1.5 million for movement expert Speckmann

TU/e professor of Algorithms and Visualization prof.dr. Bettina Speckmann has been awarded a Vici Grant worth 1.5 million euros. She’s one of 32 leading scientists to receive the Now grant. Speckmann will be using the grant for the development of geometric algorithms that can visualize patterns in complex data, such as the displacement of riverbeds and the evolution of ideas in old books.

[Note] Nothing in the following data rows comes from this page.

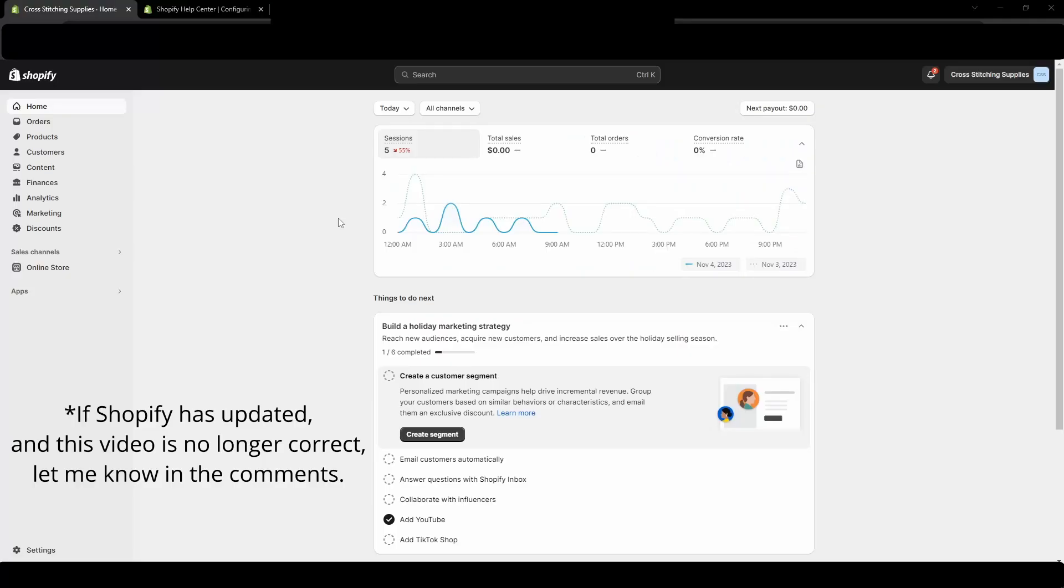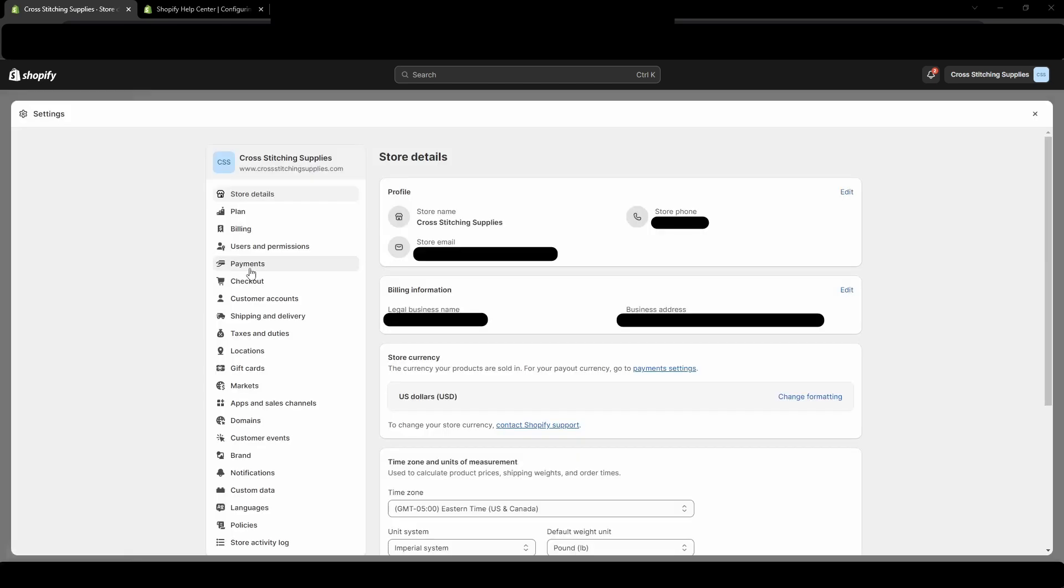Right now we are just on the home screen of a Shopify store that I no longer use, but we're going to go down into the bottom left corner into settings. Just click that.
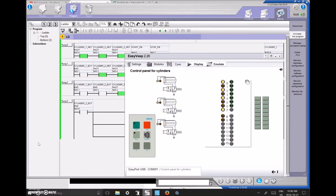This video shows how to connect the Festo EasyVeep to any type of PLC. The PLC I'm using is a Schneider Twido, but you can use any PLC to talk to this Festo EasyVeep module. The EasyVeep is basically a box that you connect to your computer and then to your PLC, and it allows real-time animations of what's going on in your PLC program.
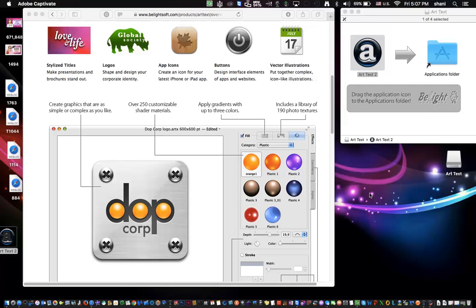Hey everyone. In today's video, I'm going to talk about an art application that can create logos, application icons, and buttons very quickly and easily.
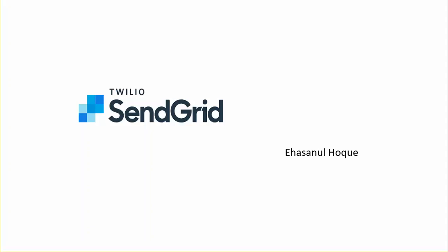Dear viewers, thank you for watching my YouTube channel. In this video I will talk about how to send an email using SendGrid in C sharp.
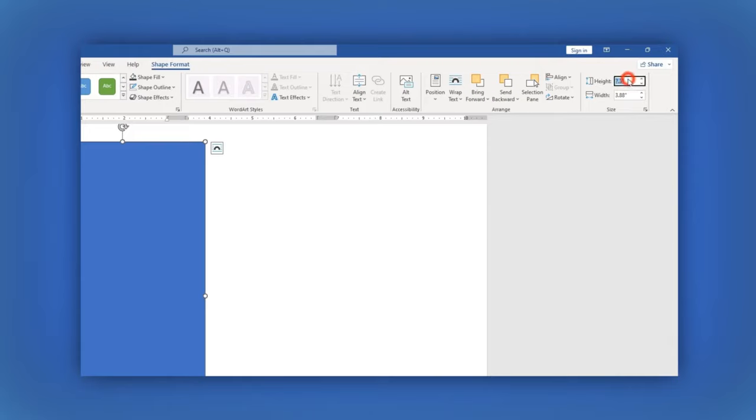On the right side in the Height field type 8.5 and for the width type 3.66.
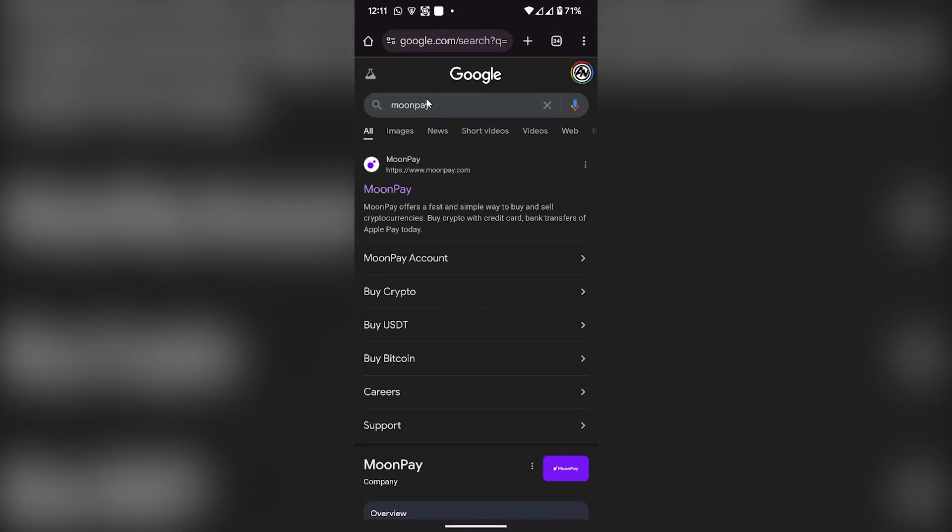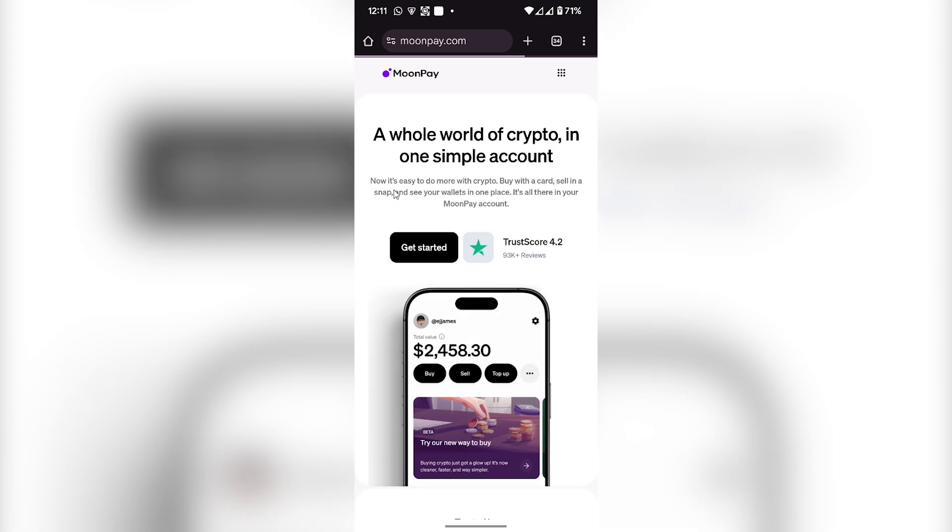Then what you have to do is click on MoonPay on the top search result and make sure the search result is not sponsored. Click on MoonPay and then click on Get Started.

With our ever-evolving technologies (GPS, surveillance cameras, RFID tages) it’s becoming easier and easier to track movements of all kinds of objects, ranging from people and animals to riverbeds and coastlines. Unfortunately, all that data is useless if you can’t see the woods for the trees anymore. Using the right algorithms can help create order out of chaos and find relevant patterns. In the past years there have been many research projects studying analysis methods for datasets of moving point sources in order to be able to map the itineraries of migrating birds, for example.

Speckmann wants to use her Vici Grant to takes things a step further, she says. “many moving objects can’t be visualized as one point. Take a riverbed, for example. For towns and villages close to a river, it’s important to know how the course of that river has changed and will change over time in light of possible floods. Comparing the course of a river to that of other rivers is very informative and may help making better predictions.” With rivers, however, it’s not about the movement of a point, but about a polyline – and for that, there are hardly any algorithms yet. With the help of three doctorate candidates and a postdoc, Speckmann wants to change that.

There’s a second line of research that also originated because of a contact within this elite group: Speckmann wants to help philosopher Arianna Betti analyze the development of ideas on logic in old books. “More and more old philosophical works are being made digitally available. Before telephones or the Internet, philosophical concepts had a regional meaning. Over time, as internationalism developed, these concepts spread.

“This ‘concept drift’ can be analyzed by measuring the ‘distance’ between certain definitions and tracking that over time. In a pilot study, we’ve grouped seven thousand works on logic according to time and location. That alone already led to new insights with the philosophers.”